Closed
Description
The docstrings and other documentation say that the pivot_table
function returns a DataFrame. However, this likely leads to confusion like #4371, because under narrow circumstances, passing a certain set of argument dtypes results in the function returning a Series (see ipython examples at end):
- values is single string (not a list, not even a single valued list)
- cols=None
- aggfunc is single string/function (not a list, not even a single valued list)
Unfortunately, this is not clear from the docs or from normal use (except for condition 1).
Should this:
- eventually be fixed to only return a DataFrame no matter the circumstances to be less confusing
- be documented correctly (seems a little difficult to convey in the docstring and other docs without a lot of bulk).
My thoughts are changing the function to return only a DataFrame in future versions (> 0.13) and providing some deprecation warning in the meantime is better than trying to explain this in the docs.

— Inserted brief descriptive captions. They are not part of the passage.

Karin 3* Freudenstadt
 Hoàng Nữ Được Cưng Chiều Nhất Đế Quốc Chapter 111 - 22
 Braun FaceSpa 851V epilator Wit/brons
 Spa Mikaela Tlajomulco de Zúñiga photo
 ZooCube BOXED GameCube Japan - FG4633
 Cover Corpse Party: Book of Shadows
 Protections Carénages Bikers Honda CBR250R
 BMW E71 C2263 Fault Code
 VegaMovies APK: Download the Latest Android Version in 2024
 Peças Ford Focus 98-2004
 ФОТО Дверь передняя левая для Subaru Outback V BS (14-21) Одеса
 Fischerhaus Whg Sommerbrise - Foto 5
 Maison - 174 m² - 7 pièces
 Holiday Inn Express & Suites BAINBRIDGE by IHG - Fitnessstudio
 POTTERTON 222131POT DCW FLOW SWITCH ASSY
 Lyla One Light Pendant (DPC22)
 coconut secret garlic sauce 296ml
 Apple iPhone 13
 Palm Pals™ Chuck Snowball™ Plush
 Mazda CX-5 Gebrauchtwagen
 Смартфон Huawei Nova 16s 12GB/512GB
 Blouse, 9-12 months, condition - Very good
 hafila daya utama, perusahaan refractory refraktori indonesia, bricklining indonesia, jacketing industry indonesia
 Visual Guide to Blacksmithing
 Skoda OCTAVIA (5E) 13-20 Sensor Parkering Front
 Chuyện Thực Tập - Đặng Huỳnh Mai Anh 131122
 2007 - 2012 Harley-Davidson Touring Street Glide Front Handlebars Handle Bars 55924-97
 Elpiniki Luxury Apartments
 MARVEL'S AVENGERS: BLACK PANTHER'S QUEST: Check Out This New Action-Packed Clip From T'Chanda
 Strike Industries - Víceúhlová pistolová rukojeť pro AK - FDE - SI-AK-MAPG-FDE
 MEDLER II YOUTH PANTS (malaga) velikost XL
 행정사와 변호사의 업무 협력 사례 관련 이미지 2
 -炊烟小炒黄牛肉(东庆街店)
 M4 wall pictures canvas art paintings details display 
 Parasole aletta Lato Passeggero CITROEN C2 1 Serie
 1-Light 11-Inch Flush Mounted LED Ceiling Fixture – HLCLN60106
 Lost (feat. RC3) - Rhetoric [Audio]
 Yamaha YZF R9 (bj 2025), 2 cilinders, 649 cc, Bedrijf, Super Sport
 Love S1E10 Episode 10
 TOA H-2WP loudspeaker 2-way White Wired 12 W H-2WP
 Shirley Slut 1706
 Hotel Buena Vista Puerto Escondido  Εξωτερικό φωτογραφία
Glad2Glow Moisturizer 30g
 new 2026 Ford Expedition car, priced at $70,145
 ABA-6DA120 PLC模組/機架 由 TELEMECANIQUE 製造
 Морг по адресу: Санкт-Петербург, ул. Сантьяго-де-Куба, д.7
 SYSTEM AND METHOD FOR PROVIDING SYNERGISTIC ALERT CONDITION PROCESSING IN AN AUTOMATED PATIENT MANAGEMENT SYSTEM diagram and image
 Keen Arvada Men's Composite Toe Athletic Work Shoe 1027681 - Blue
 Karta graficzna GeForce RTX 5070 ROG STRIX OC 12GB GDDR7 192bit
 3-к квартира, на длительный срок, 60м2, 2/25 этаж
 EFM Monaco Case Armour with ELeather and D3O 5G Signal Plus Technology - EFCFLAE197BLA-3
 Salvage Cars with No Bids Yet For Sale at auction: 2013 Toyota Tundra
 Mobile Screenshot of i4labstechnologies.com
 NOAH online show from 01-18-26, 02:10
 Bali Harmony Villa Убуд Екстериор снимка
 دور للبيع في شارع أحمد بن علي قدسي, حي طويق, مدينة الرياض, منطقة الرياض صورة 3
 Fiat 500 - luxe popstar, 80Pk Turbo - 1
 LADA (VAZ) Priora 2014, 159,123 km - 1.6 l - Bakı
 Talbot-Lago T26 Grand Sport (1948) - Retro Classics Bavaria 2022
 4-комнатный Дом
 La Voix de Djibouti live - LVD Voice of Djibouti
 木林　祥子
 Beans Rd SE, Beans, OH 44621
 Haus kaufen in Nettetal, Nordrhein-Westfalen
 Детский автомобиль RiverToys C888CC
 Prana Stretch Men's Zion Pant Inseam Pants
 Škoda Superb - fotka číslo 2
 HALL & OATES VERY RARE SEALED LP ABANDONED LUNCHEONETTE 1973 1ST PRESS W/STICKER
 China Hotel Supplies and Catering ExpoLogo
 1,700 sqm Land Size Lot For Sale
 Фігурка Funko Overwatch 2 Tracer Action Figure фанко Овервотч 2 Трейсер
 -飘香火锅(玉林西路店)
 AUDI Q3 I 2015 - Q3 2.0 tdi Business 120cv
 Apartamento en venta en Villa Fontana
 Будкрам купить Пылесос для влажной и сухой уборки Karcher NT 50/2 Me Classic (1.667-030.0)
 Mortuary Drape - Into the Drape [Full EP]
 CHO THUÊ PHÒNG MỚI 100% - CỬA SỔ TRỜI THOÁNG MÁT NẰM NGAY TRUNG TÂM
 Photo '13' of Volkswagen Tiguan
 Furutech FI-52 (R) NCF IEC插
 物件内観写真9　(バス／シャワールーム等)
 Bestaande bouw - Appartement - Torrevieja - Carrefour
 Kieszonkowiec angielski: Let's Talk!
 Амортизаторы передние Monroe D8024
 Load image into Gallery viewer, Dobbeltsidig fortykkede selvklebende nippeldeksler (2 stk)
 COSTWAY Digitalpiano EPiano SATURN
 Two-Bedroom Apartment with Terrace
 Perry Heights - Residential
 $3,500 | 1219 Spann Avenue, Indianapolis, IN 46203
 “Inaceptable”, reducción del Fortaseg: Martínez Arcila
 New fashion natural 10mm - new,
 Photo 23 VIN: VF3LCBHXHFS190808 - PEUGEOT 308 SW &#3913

I would be happy to provide the deprecation warning and document notes as a pull request.
Thanks.
Python 2.7.2 (v2.7.2:8527427914a2, Jun 11 2011, 15:22:34)
Type "copyright", "credits" or "license" for more information.
IPython 1.0.dev -- An enhanced Interactive Python.
? -> Introduction and overview of IPython's features.
%quickref -> Quick reference.
help -> Python's own help system.
object? -> Details about 'object', use 'object??' for extra details.
%guiref -> A brief reference about the graphical user interface.
In [1]: import pandas as pd
...: import numpy as np
...: pd.__version__
...:
Out[1]: '0.12.0-57-g7bf2a7d'
In [2]: df = pd.DataFrame({'col1': [3, 4, 5], 'col2': ['C', 'D', 'E'], 'col3': [1, 3, 9]})
In [3]: df
Out[3]:
col1 col2 col3
0 3 C 1
1 4 D 3
2 5 E 9
In [4]: # Case 1: (a) values is single string label (b) cols is unspecified
...: # (c) aggfunc is single lable/function (not a list)
...: # Expect: Series type
...: pivoted_1 = df.pivot_table('col1', rows=['col3', 'col2'], aggfunc=np.sum)
...: print pivoted_1
...: print type(pivoted_1)
col3 col2
1 C 3
3 D 4
9 E 5
Name: col1, dtype: int64
<class 'pandas.core.series.Series'>
In [5]: # Case 2: (a) values is single string label (b) cols is single string label
...: # Expected: DataFrame
...: pivoted_2 = df.pivot_table('col1', rows='col3', cols='col2', aggfunc=np.sum)
...: print pivoted_2
...: print type(pivoted_2)
col2 C D E
col3
1 3 NaN NaN
3 NaN 4 NaN
9 NaN NaN 5
<class 'pandas.core.frame.DataFrame'>
In [6]: # Case 3: (a) values is single string label (b) cols is unspecified
...: # (c) aggfunc is a list
...: # Expect: DataFrame
...: pivoted_3 = df.pivot_table('col1', rows='col3', aggfunc=[np.sum])
...: print pivoted_3
...: print type(pivoted_3)
sum
col3
1 3
3 4
9 5
<class 'pandas.core.frame.DataFrame'>